I once read a story of a guy that brought a girl home and pressured her to have sex. She would often pretend to look at her phone and be distracted but he continued to push her despite her seeming uncomfortable. He even joked about taking her phone away. Eventually, he pressured her enough for her to have sex with him. But was it consensual? At first it seems like yes to some people. From the guys perspective, at some point she agreed, and so it wasn’t rape… but what about her perspective?
She was obviously uncomfortable and trying to look for a way out. When he joked about taking away her phone, could she be sure he was entirely joking? If she was uncomfortable, this obviously pushed her over the edge into being scared. So while she may have said some sort of words that gave the appearance of consent, it is obvious she was coerced into the actions, which is not consent.
Another condition of consent is being of sound mind. Someone who is not in their right mind cannot reasonably consent, as their inhibitions are gone. This is why roofies are rape, because the inhibitions are gone and they remember nothing. Being drunk is a similar situation. A person that is drunk is not of sound mind and has left behind their inhibitions. And so some men may try to take advantage of a woman being drunk. So let me be clear here. If a woman would not consent to having sex with you while sober, being drunk and doing it does not count as consent. It’s really that simple. If she wouldn’t have sex with you before, why would her being drunk and out of her mind make it ok?
I can’t believe I need to say this one, but sadly it needs to be said. In caps of course. HAVING SEX WITH SOMEONE THAT IS UNCONSCIOUS IN ANY WAY IS NOT OK, YOU DO NOT HAVE CONSENT, THAT IS RAPE, DON’T DO THAT. Also, as a side note, I know I say “she” a lot in this post, but remember that men CAN be raped as well. Sexual stimulation can cause sexual response without the persons consent or interest. Women can rape men. Stop shaming them. They need help too.
And finally, as my final point, children and animals cannot consent to sex. They can’t really consent to much of anything. They do not have the capacities to consent. There is a reason you must be human or a certain age to sign documents, you need to be able to think through and process what you are doing in order to consent to it. THERE IS NO SUCH THING AS SEX WITH CHILDREN, ONLY RAPING CHILDREN.

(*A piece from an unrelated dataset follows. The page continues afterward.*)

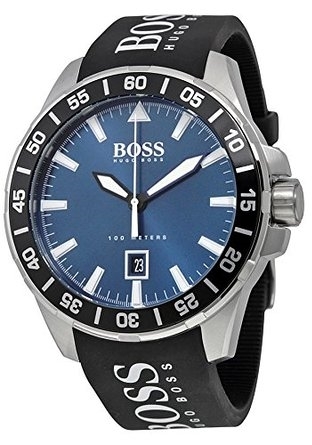 Hugo Boss Deep Ocean Herrklocka 1513232 Blå/Gummi Ø46 mm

So stop thinking of rape as this thing that happens between strangers with a knife. People are often raped by people they know and trust. Rape is complicated, and if someone comes to you saying that they’ve been raped or thinking they’ve been raped, remember that consent can be a complicated thing. Do not blame them, do not say what they should have done differently. It is not their fault. It is always always ALWAYS the fault of the person who performed the actions without their enthusiastic consent. If you do not have that, don’t do the action. Simple as that.